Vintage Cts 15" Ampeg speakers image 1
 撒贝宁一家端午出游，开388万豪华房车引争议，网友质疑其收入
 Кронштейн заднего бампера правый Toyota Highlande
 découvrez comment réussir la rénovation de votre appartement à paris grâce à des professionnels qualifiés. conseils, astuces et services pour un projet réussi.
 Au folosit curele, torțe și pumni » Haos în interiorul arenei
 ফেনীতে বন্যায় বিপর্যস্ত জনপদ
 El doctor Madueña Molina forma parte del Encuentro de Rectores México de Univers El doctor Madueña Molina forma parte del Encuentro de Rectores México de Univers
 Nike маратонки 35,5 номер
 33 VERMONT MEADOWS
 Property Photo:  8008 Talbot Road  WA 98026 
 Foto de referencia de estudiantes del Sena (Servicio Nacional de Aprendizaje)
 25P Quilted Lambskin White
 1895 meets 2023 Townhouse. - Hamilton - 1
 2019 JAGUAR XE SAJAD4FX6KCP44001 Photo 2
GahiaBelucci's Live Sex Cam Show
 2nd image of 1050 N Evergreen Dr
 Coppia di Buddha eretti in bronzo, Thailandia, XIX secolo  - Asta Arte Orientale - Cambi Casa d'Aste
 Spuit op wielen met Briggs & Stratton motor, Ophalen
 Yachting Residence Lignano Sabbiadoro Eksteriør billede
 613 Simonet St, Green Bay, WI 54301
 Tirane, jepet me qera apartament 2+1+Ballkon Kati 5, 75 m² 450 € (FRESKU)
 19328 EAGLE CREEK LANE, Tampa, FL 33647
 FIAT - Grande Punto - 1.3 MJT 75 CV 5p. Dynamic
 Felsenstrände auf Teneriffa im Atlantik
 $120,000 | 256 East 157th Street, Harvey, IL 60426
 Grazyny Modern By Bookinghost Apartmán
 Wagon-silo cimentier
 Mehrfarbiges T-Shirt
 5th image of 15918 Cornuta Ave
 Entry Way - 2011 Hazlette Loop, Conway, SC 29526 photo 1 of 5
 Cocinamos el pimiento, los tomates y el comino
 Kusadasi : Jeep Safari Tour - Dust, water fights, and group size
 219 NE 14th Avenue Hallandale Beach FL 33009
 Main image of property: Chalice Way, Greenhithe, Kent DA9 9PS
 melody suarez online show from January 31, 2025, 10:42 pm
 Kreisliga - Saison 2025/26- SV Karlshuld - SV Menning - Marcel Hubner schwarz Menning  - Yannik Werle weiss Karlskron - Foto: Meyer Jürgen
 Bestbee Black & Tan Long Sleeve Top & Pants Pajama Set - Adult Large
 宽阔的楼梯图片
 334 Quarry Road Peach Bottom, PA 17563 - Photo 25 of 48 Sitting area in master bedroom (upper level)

• WORK REQUEST
Give every line of the material again, exactly as it reads.

• FINISHED TASK
Vintage Cts 15" Ampeg speakers image 1
 撒贝宁一家端午出游，开388万豪华房车引争议，网友质疑其收入
 Кронштейн заднего бампера правый Toyota Highlande
 découvrez comment réussir la rénovation de votre appartement à paris grâce à des professionnels qualifiés. conseils, astuces et services pour un projet réussi.
 Au folosit curele, torțe și pumni » Haos în interiorul arenei
 ফেনীতে বন্যায় বিপর্যস্ত জনপদ
 El doctor Madueña Molina forma parte del Encuentro de Rectores México de Univers El doctor Madueña Molina forma parte del Encuentro de Rectores México de Univers
 Nike маратонки 35,5 номер
 33 VERMONT MEADOWS
 Property Photo:  8008 Talbot Road  WA 98026 
 Foto de referencia de estudiantes del Sena (Servicio Nacional de Aprendizaje)
 25P Quilted Lambskin White
 1895 meets 2023 Townhouse. - Hamilton - 1
 2019 JAGUAR XE SAJAD4FX6KCP44001 Photo 2
GahiaBelucci's Live Sex Cam Show
 2nd image of 1050 N Evergreen Dr
 Coppia di Buddha eretti in bronzo, Thailandia, XIX secolo  - Asta Arte Orientale - Cambi Casa d'Aste
 Spuit op wielen met Briggs & Stratton motor, Ophalen
 Yachting Residence Lignano Sabbiadoro Eksteriør billede
 613 Simonet St, Green Bay, WI 54301
 Tirane, jepet me qera apartament 2+1+Ballkon Kati 5, 75 m² 450 € (FRESKU)
 19328 EAGLE CREEK LANE, Tampa, FL 33647
 FIAT - Grande Punto - 1.3 MJT 75 CV 5p. Dynamic
 Felsenstrände auf Teneriffa im Atlantik
 $120,000 | 256 East 157th Street, Harvey, IL 60426
 Grazyny Modern By Bookinghost Apartmán
 Wagon-silo cimentier
 Mehrfarbiges T-Shirt
 5th image of 15918 Cornuta Ave
 Entry Way - 2011 Hazlette Loop, Conway, SC 29526 photo 1 of 5
 Cocinamos el pimiento, los tomates y el comino
 Kusadasi : Jeep Safari Tour - Dust, water fights, and group size
 219 NE 14th Avenue Hallandale Beach FL 33009
 Main image of property: Chalice Way, Greenhithe, Kent DA9 9PS
 melody suarez online show from January 31, 2025, 10:42 pm
 Kreisliga - Saison 2025/26- SV Karlshuld - SV Menning - Marcel Hubner schwarz Menning  - Yannik Werle weiss Karlskron - Foto: Meyer Jürgen
 Bestbee Black & Tan Long Sleeve Top & Pants Pajama Set - Adult Large
 宽阔的楼梯图片
 334 Quarry Road Peach Bottom, PA 17563 - Photo 25 of 48 Sitting area in master bedroom (upper level)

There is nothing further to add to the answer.